Thestrangestthing · 30/12/2019 19:49

Yes I hate it. It just reminds me that it's another 6 months until I get a holiday or time off work. I also hate the thought of starting the year all over again. This year was shit, next year doesn't look like its getting any better, and there is nothing I can do about it. I'm sitting here sobbing in the bath typing this.

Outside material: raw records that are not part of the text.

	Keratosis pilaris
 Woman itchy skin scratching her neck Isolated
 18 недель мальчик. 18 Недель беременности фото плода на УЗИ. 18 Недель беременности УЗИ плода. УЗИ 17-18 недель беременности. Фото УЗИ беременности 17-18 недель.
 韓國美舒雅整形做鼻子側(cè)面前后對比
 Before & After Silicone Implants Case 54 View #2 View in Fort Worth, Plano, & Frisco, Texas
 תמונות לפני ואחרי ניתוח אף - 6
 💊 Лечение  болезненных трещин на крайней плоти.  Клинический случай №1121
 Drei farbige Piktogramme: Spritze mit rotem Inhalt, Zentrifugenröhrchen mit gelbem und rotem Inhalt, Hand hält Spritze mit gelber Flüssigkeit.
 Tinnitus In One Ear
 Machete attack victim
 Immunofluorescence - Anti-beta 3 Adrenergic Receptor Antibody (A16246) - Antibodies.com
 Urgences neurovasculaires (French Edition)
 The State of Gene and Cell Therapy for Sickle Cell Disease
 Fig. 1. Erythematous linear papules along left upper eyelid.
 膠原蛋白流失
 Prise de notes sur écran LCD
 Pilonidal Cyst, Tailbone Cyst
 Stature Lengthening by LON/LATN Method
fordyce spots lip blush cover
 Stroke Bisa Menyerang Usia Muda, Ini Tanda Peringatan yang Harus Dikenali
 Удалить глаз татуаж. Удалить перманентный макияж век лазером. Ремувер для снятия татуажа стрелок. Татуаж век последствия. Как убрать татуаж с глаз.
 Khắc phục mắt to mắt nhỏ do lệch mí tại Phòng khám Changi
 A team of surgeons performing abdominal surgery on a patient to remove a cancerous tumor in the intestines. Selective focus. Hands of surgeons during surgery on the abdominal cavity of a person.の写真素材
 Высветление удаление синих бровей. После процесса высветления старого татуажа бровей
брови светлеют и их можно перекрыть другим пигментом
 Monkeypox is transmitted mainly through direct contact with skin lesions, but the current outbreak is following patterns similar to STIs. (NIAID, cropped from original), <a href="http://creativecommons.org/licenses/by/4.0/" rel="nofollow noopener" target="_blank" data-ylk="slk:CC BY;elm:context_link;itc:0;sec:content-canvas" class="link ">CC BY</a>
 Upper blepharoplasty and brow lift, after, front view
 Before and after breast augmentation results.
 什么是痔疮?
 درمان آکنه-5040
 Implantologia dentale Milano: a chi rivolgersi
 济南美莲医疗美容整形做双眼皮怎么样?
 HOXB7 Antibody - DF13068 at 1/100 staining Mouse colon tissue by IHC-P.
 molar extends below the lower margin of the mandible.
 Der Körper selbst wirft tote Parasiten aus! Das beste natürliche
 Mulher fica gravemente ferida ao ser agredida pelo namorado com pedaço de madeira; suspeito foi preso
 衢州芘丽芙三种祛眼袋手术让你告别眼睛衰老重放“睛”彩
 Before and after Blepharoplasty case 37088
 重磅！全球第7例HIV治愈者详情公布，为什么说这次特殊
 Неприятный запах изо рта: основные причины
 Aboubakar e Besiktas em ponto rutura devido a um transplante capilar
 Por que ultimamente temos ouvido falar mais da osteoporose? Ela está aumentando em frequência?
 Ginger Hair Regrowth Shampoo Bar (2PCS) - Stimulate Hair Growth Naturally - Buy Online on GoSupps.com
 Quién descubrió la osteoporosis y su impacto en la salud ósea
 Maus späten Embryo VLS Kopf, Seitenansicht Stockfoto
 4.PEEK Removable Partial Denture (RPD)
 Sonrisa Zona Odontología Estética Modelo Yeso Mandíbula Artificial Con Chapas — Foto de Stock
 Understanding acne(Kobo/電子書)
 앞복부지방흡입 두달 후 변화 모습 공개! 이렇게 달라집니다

SnorkMaiden81 · 30/12/2019 19:51

I've long, long hated it for all the reasons above but I get my inner Wiccan on (yes, I know Samhain is our traditional nye), and draw a long, hot bath, infuse it with dried white sage and fresh shamrock, light an incense stick, put on some relaxing music and climb into it with a glass of something strong.
I don't get out until I've processed what has come to pass this year, what im grateful for and what I'm ready to take on going forward.

Then I'll probably watch some Hootenanny. Grin

Thornhill58 · 30/12/2019 19:52

I normally would agree with you but 14 years ago we got a wonderful addition to our family. Our son was born New Year's Eve and we have love that day immensely ever since. We just do what he wants it's all about him.

keepingbees · 30/12/2019 20:00

@SnorkMaiden81 can I ask is dried white sage in the bath cleansing like it is when smudging?